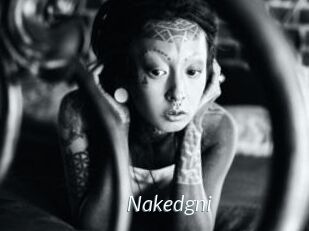 Nakedgni
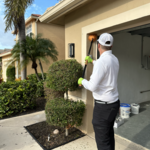Pest Control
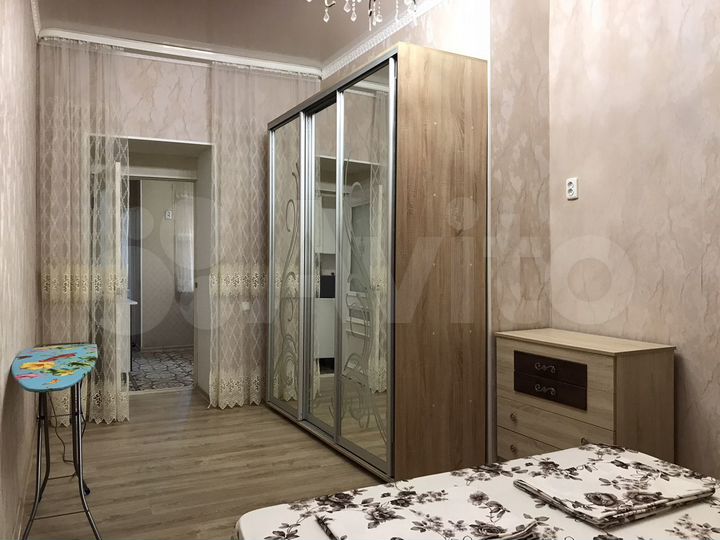 Дом 70 м² на участке 2 сот.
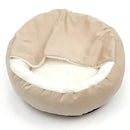 Orthopedic Anti Anxiety Waterproof Dog Bed - DreammyDoggie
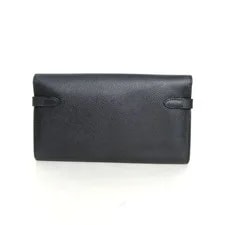 Hermes Kelly Long Wallet P245724850 4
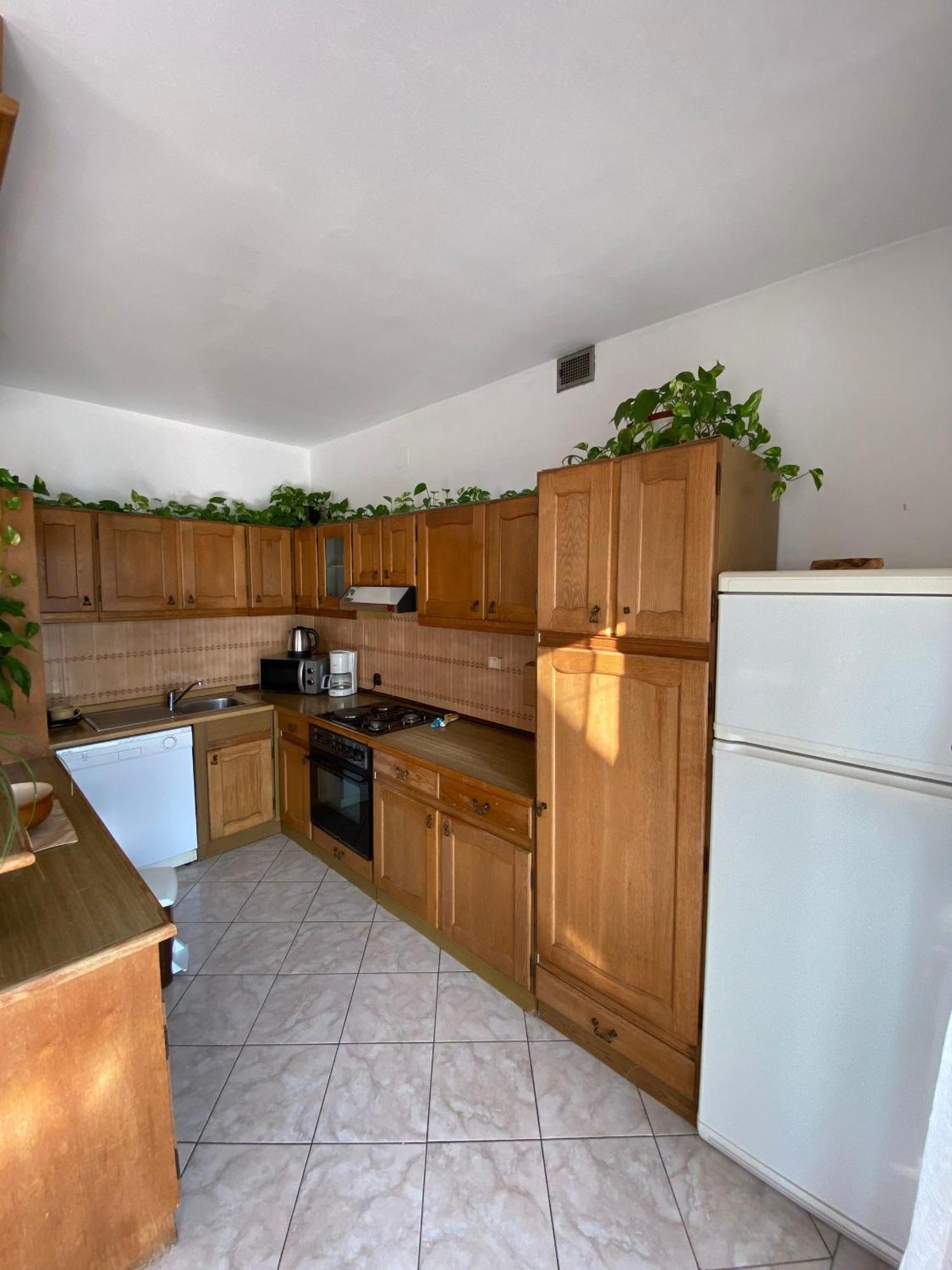 Apartments With A Parking Space Novi Vinodolski - 5525 מראה חיצוני תמונה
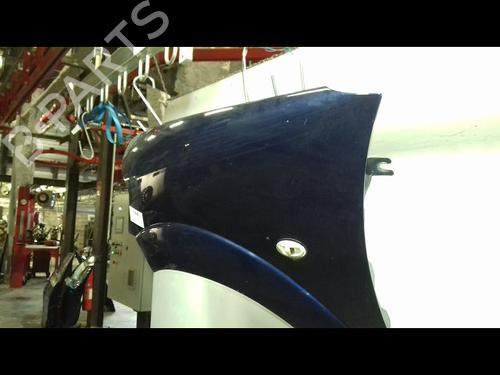Left front fenders CITROËN C3 I (FC_, FN_) 1.4 HDi | BP29414628C41 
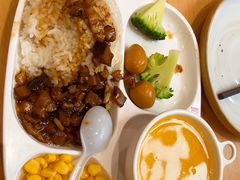 -大师兄·西北小馆(北站缤果空间店)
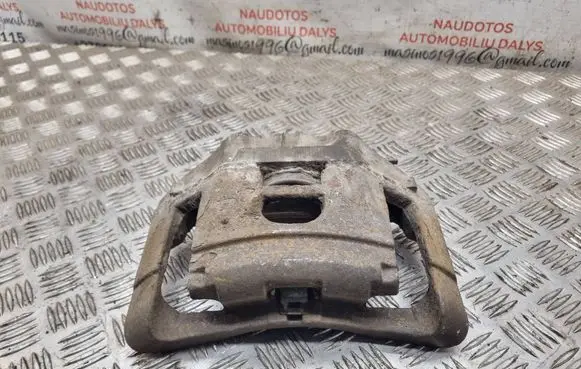 Audi A6 S6 C6 4F Front brake caliper 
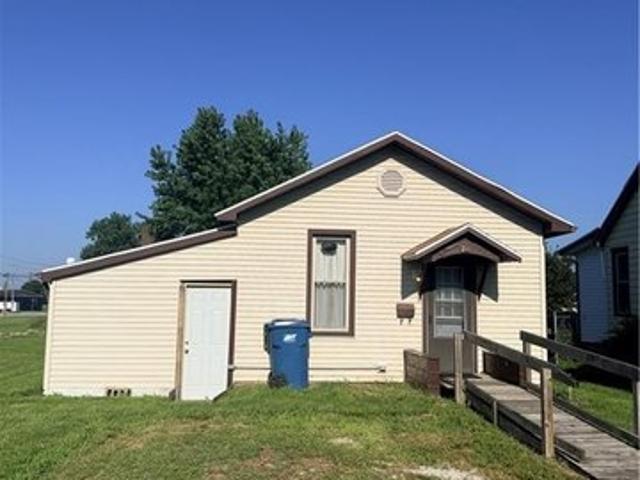 House for sale in Vermilion, Illinois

★ ★ ★

_ACTIVITY_. In the listing above, transcribe exactly the lines from the line containing "Orthopedic Anti Anxiety" through the last one, both included, but not the pictures.

_EXERCISE RESULT_.
 Orthopedic Anti Anxiety Waterproof Dog Bed - DreammyDoggie
 Hermes Kelly Long Wallet P245724850 4
 Apartments With A Parking Space Novi Vinodolski - 5525 מראה חיצוני תמונה
Left front fenders CITROËN C3 I (FC_, FN_) 1.4 HDi | BP29414628C41 
 -大师兄·西北小馆(北站缤果空间店)
 Audi A6 S6 C6 4F Front brake caliper 
 House for sale in Vermilion, Illinois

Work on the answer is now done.